Fatu Banora nasceu na Guiné-Bissau há 22 anos e veio viver para Portugal aos 8. Hoje, é estudante de Psicologia no ISPA – Instituto Universitário e, em outubro de 2022, recebeu o Prémio António Brandão de Vasconcelos – galardão atribuído pelo IPAV para apoiar a educação superior de jovens integrados na Academia de Líderes Ubuntu. Em entrevista à FORUM, Fatu aborda a importância da sua participação neste programa, recordando algumas das fases da sua vida e algumas das marcas que são, ainda hoje, difíceis de apagar. 
 


 
Quando entrou a Academia de Líderes Ubuntu na tua vida?
 

Em 2017, fui à Guiné-Bissau e quando voltei de férias entrei na Associação de Estudantes da Guiné-Bissau em Lisboa.

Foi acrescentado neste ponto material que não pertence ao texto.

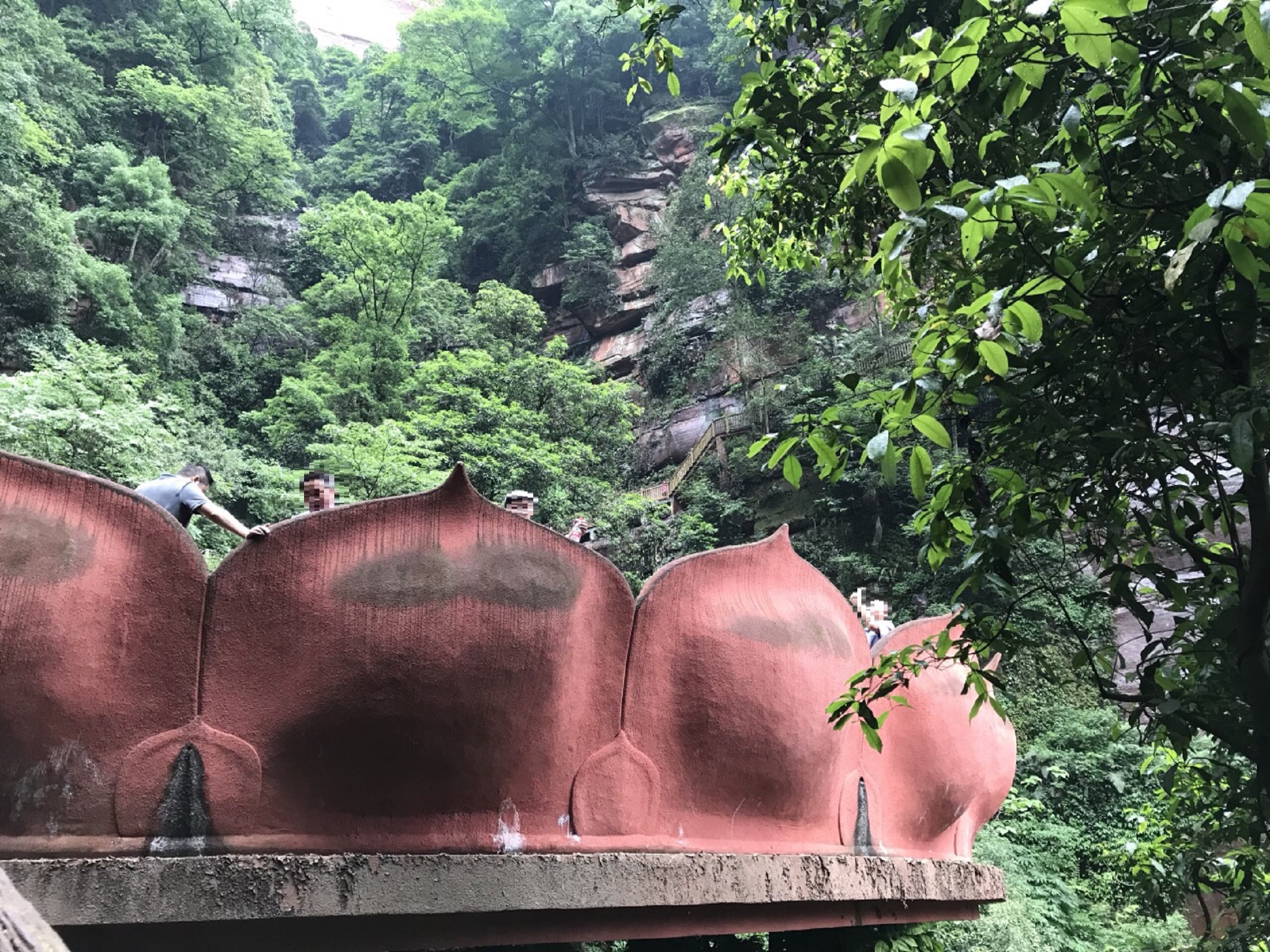 区 /a>·佛光岩景区(原名 a target="_blank" href="/item/五柱峰景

E ali continuei a crescer, a aprender, a ter pessoas ao meu lado que estavam na mesma onda. Nesse período, apareceu a Academia de Líderes Ubuntu. Decidi participar e foi a melhor decisão que podia ter tomado naquela altura na minha vida.

 


Porquê? Que impacto teve em ti?
 

A Academia veio ajudar e dar ferramentas. Num primeiro passo, ajudar a compreender-me e a começar a dar respostas a questões que estavam muito mal resolvidas. A Academia permitiu-me fazer as pazes com a minha história e perceber qual era a origem da minha revolta. Por outro lado, teve impacto na minha autoestima, porque comecei a olhar para mim e a perceber que sou capaz. Foi aí que comecei a saber olhar mais para os outros também. A Academia foi a base dessa transformação e, ainda agora, estou a sentir o impacto. 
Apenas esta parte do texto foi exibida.